Sonstige Rechtsfehler des Bewilligungsbescheides 15. März 2005 sind nicht ersichtlich, so dass die Entscheidung der Beklagten rechtmäßig ist.

Die Kostenentscheidung beruht auf § 193 SGG. Im Rahmen des dem Senat nach § 193 SGG eingeräumten Ermessens war für den Senat maßgeblich, dass der Kläger mit der Rechtsverfolgung ohne Erfolg geblieben ist und die Beklagte keinen Anlass zur Klageerhebung gegeben hat.
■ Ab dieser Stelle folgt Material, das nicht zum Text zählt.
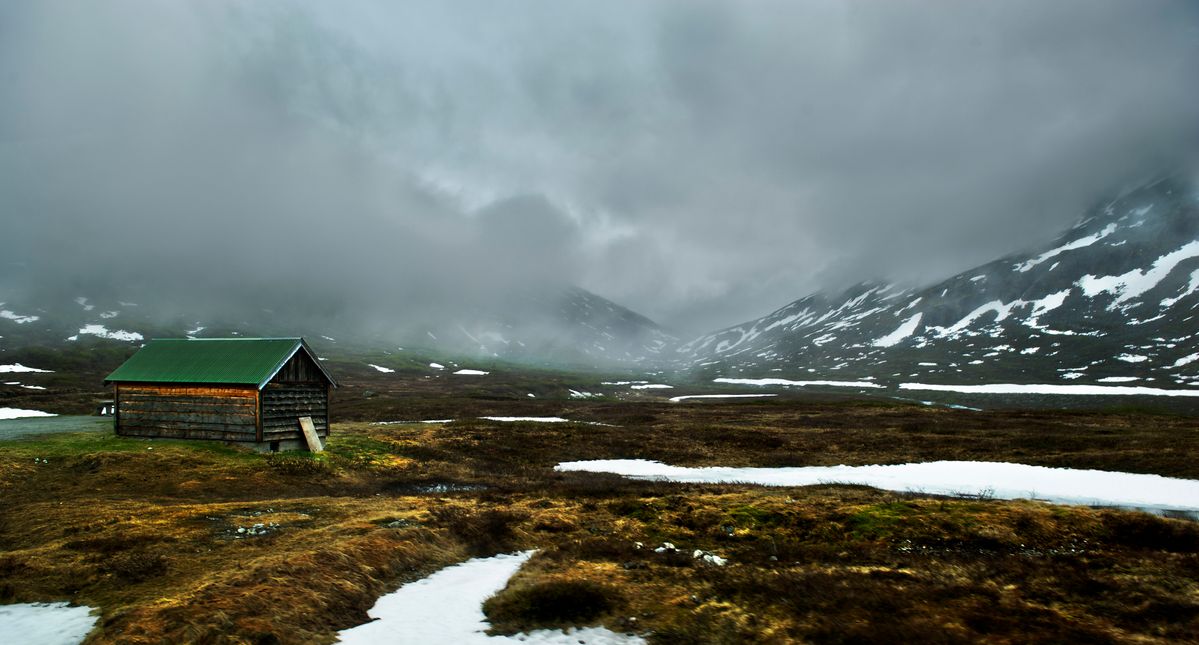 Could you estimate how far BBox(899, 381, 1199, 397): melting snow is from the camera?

Der Senat hält es auch im Falle einer Zurückweisung des Rechtsmittels für erforderlich, nicht nur über die Kosten des Rechtsmittelverfahrens zu entscheiden, sondern auch über die Kosten der vorausgehenden Instanz (so Lüdtke, Kommentar zum SGG, 4. Aufl., § 197a SGG Rdnr. 3; erkennender Senat, Urteil vom 19. November 2013, L 13 R 1662/12, veröffentlicht in Juris; a.A. Meyer-Ladewig/Keller/Leitherer, Kommentar zum SGG, 10. Auflage, § 193 SGG Rdnr. 2a; Hintz/Lowe, Kommentar zum SGG, § 193 SGG Rdnr. 11; Jansen, Kommentar zum SGG, 4. Auflage, § 193 SGG Rdnr. 4).

Die Voraussetzungen für eine Zulassung der Revision liegen nicht vor.